Cross-validation accuracy using number of wikilinks within WikiProject Medicine has higher performance than before, and performance is on par with what we saw for global wikilinks. Highest reported accuracy is 63.15% for a forest with 101 trees and terminating node size 32. Some other forest sizes using the same terminating node size also performs well. However, performance on the test set is not great, with overall accuracy of 54.38%. This is similar as we saw earlier, that global links provide more signal than project-internal links.

Lastly we test using all three predictors. Here we find a large improvement in reported cross-validation accuracy, with the highest reported accuracy coming in at 68.05%. This is using a forest with 301 trees and terminating node size of 16. We then test this combination on the test set, where overall accuracy is 55.62%. Again we see the challenge of performance across different dataset and conditions, with the cross-validation suggesting promising results, but the results are not delivered on the test set.

SVM

We next do similar kinds of testing with the SVM classifier, using the same combinations of predictors. The SVM is tuned slightly differently, but the general approach is the same. I report only the results for brevity.

Using number of wikilinks from all Wikipedia articles and number of views, I tune the gamma and cost parameters using R's tuning functionality as seen previously, then run 10-fold cross-validation on the 1,000 item training dataset. Reported overall accuracy is 59.1%. I then run this on the test dataset and get a reported accuracy of 48.75% and this confusion matrix:

	Top	High	Mid	Low
Top	22	14	4	0
High	9	21	7	3
Mid	4	8	15	13
Low	0	4	16	20

This matrix shows that the classifier is performing about the same across all four classes, but only getting about half (or less) of the predictions correct for each of them.

We then repeat the procedure using project-internal links as our link-based predictor. After tuning we run 10-fold cross-validation on the training set and it reports a mean accuracy of 60.1%. Running this model on the test set reports an improvement in accuracy to 58.75%. The gain in performance comes in the Top- and Low-importance articles, where 5 more articles are predicted correctly. Performance in the other two classes is about the same as before.
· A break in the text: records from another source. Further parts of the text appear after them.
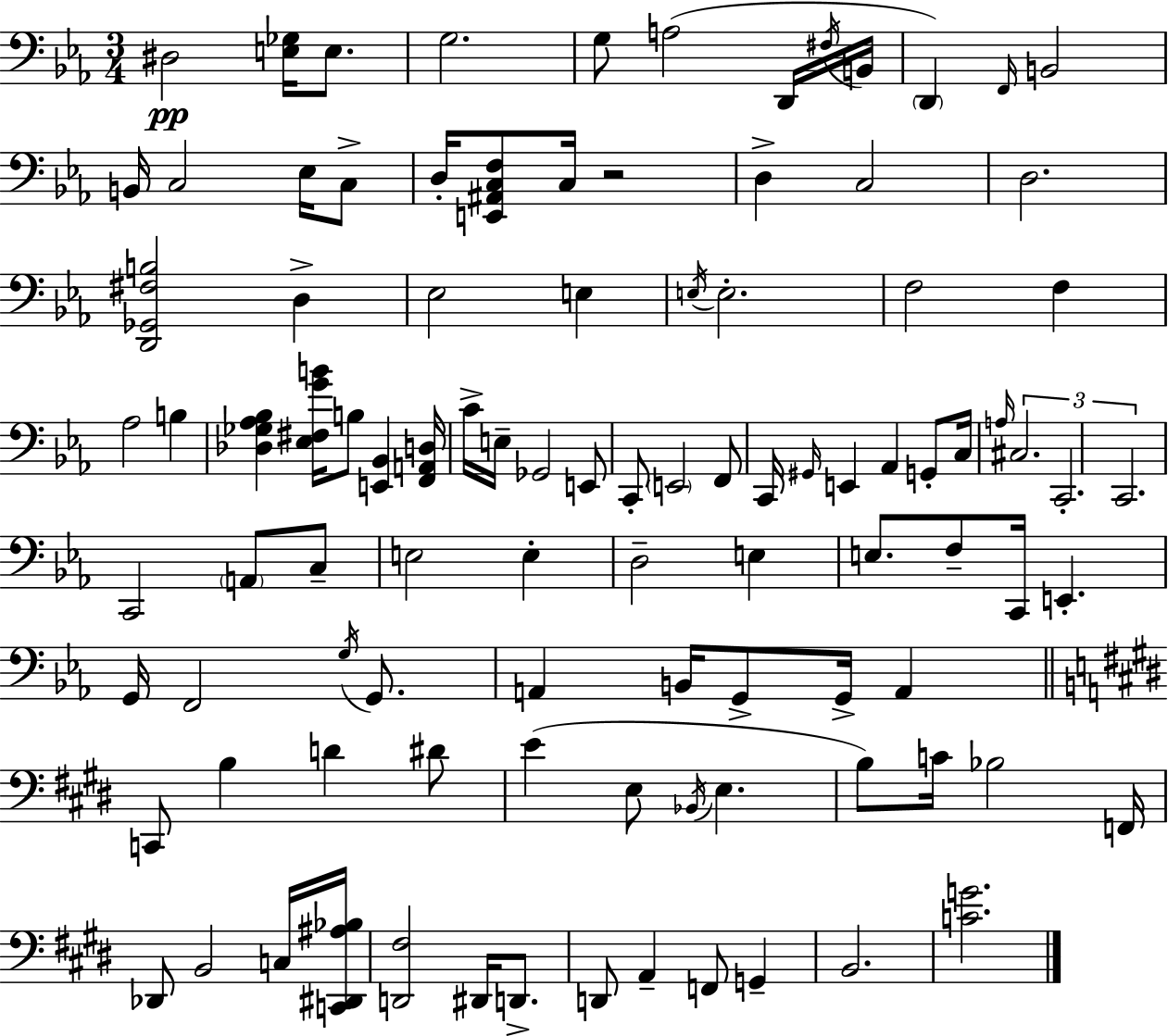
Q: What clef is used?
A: bass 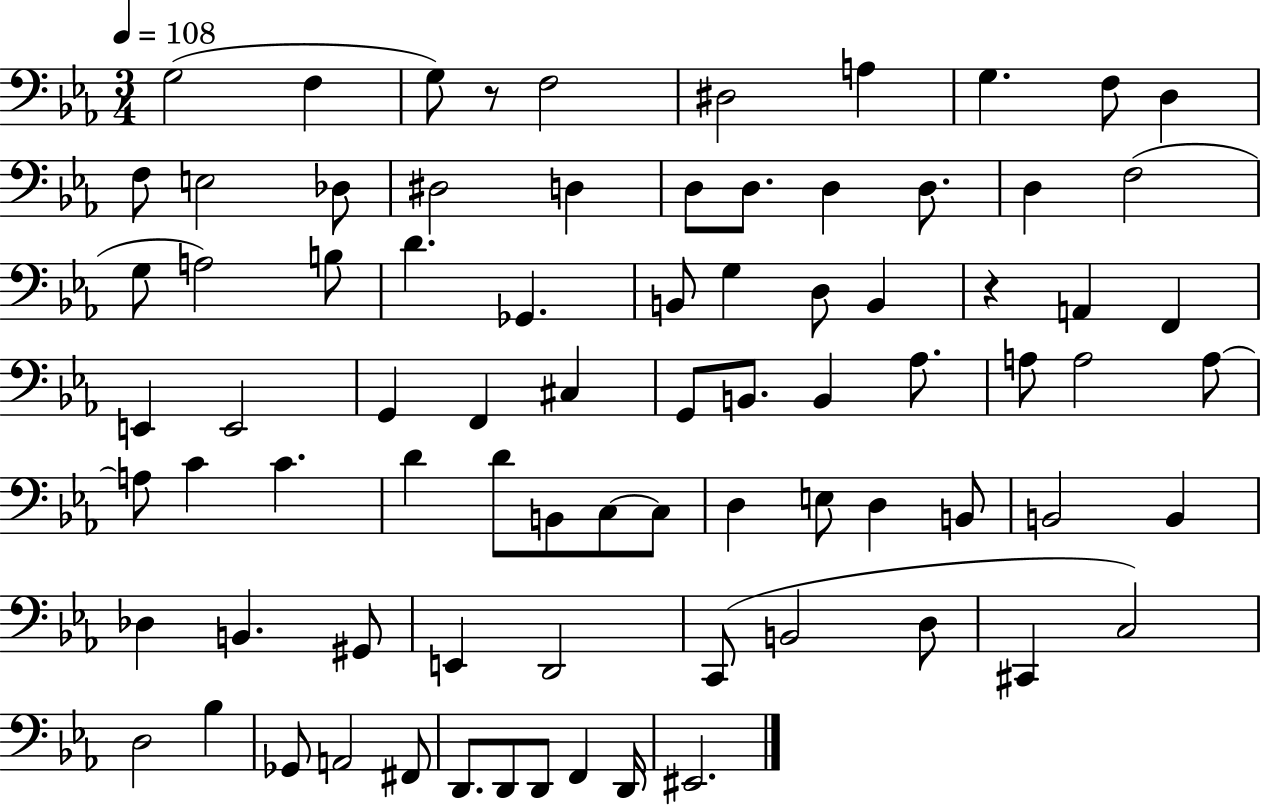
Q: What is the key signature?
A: EES major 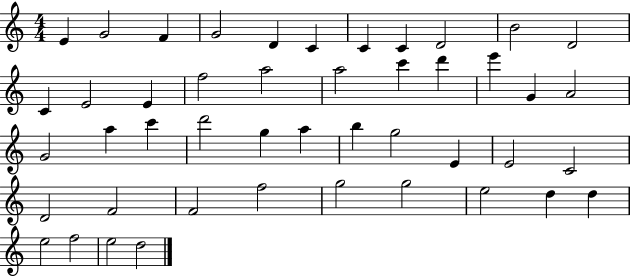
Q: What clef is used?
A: treble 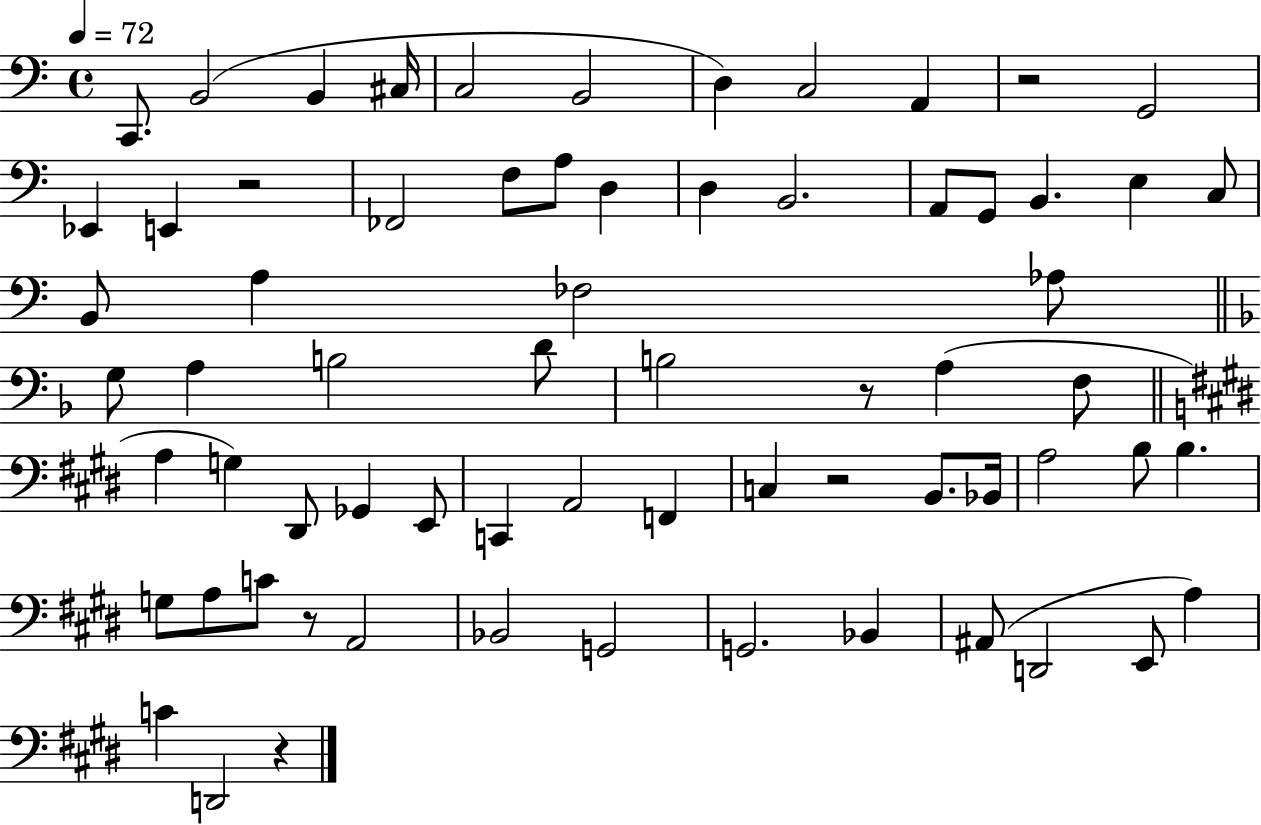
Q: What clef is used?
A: bass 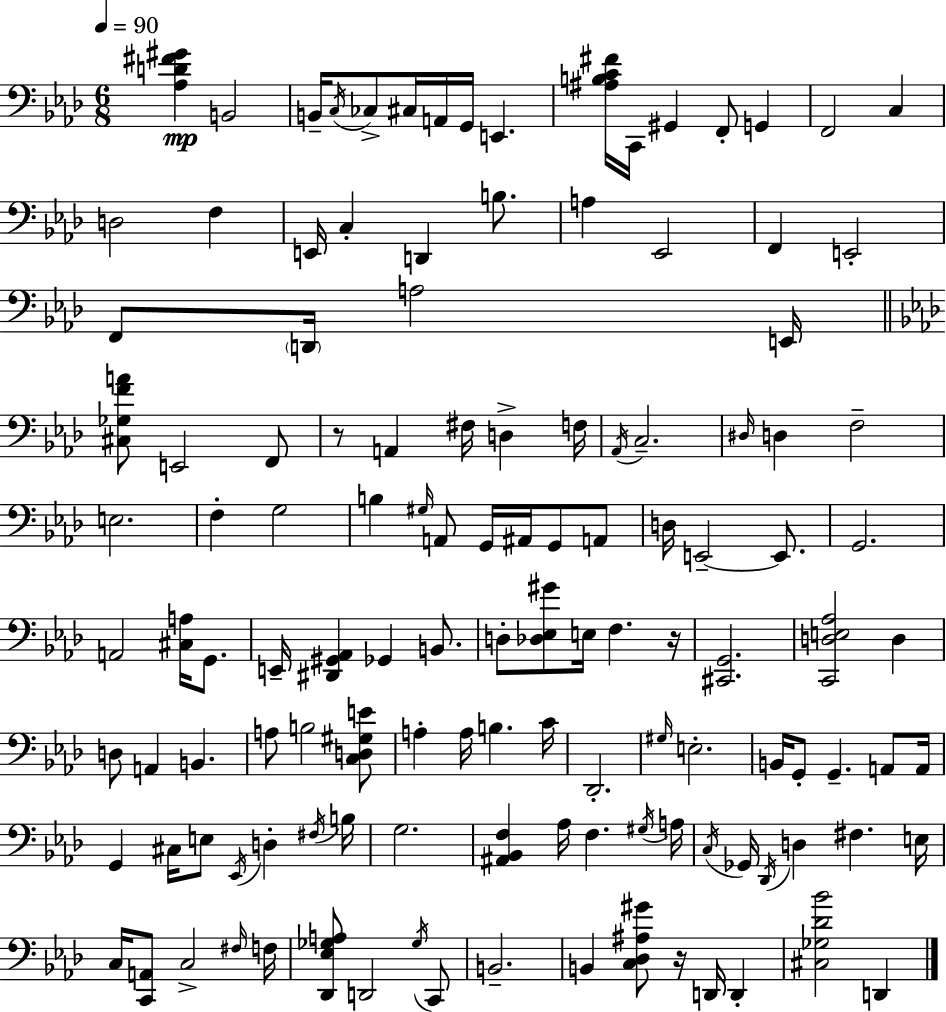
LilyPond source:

{
  \clef bass
  \numericTimeSignature
  \time 6/8
  \key f \minor
  \tempo 4 = 90
  \repeat volta 2 { <aes d' fis' gis'>4\mp b,2 | b,16-- \acciaccatura { c16 } ces8-> cis16 a,16 g,16 e,4. | <ais b c' fis'>16 c,16 gis,4 f,8-. g,4 | f,2 c4 | \break d2 f4 | e,16 c4-. d,4 b8. | a4 ees,2 | f,4 e,2-. | \break f,8 \parenthesize d,16 a2 | e,16 \bar "||" \break \key aes \major <cis ges f' a'>8 e,2 f,8 | r8 a,4 fis16 d4-> f16 | \acciaccatura { aes,16 } c2.-- | \grace { dis16 } d4 f2-- | \break e2. | f4-. g2 | b4 \grace { gis16 } a,8 g,16 ais,16 g,8 | a,8 d16 e,2--~~ | \break e,8. g,2. | a,2 <cis a>16 | g,8. e,16-- <dis, gis, aes,>4 ges,4 | b,8. d8-. <des ees gis'>8 e16 f4. | \break r16 <cis, g,>2. | <c, d e aes>2 d4 | d8 a,4 b,4. | a8 b2 | \break <c d gis e'>8 a4-. a16 b4. | c'16 des,2.-. | \grace { gis16 } e2.-. | b,16 g,8-. g,4.-- | \break a,8 a,16 g,4 cis16 e8 \acciaccatura { ees,16 } | d4-. \acciaccatura { fis16 } b16 g2. | <ais, bes, f>4 aes16 f4. | \acciaccatura { gis16 } a16 \acciaccatura { c16 } ges,16 \acciaccatura { des,16 } d4 | \break fis4. e16 c16 <c, a,>8 | c2-> \grace { fis16 } f16 <des, ees ges a>8 | d,2 \acciaccatura { ges16 } c,8 b,2.-- | b,4 | \break <c des ais gis'>8 r16 d,16 d,4-. <cis ges des' bes'>2 | d,4 } \bar "|."
} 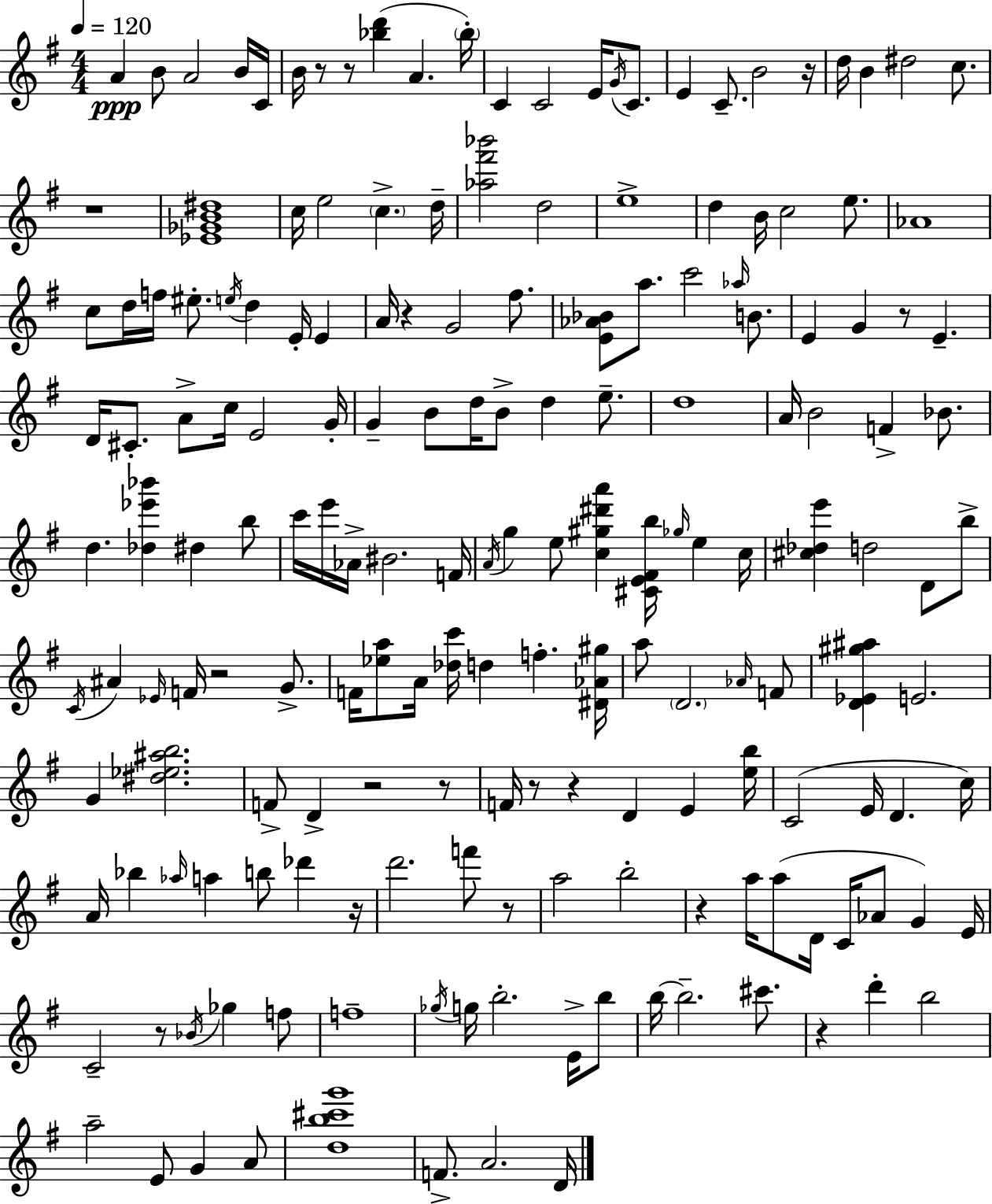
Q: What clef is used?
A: treble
Lastly we run this with all three predictors. 10-fold cross-validation on the training set after tuning reports a mean accuracy of 66%. Running the model on the test set reports overall accuracy of 62.5%, with this confusion matrix:

	Top	High	Mid	Low
Top	29	10	0	1
High	12	20	4	4
Mid	2	7	23	8
Low	0	3	9	28

From this confusion matrix it's clear that the gains in performance come from Top-, Mid-, and Low-importance articles, all of these are predicted much more accurately than the first SVM model. While the performance on Mid-importance articles is not as strong as the first Random Forest model, it is quite close.

2,000 item training set

We then repeat the procedure on the larger training dataset. Again the idea is that the larger set of samples from the bigger categories might provide us with better predictions, although the added synthetic samples might also result in lower accuracy. As before, reported results are condensed for space.

Using number of wikilinks from all other Wikipedia articles we get a 10-fold cross-validation mean accuracy of 61.95%. On the test set the model has an accuracy of 55%. This is significantly better than what we saw with the smaller dataset, and might mean that we can get further improvements with the additional predictor.

Changing the predictor to number of project-internal wikilinks the 10-fold cross-validation mean accuracy is 59.95%, while on the test set this model has an accuracy of 50%. This is much lower than we previously saw using the smaller dataset, which could mean that overall performance using all three variables might not be a strong.

Using all three predictors the mean cross-validation accuracy across 10 folds is 64.4%. This is slightly lower than what was reported using the smaller dataset. On the test set this model has an overall accuracy of 60%. The model performs slightly better on Low-importance articles, but does not perform better on any other of the classes.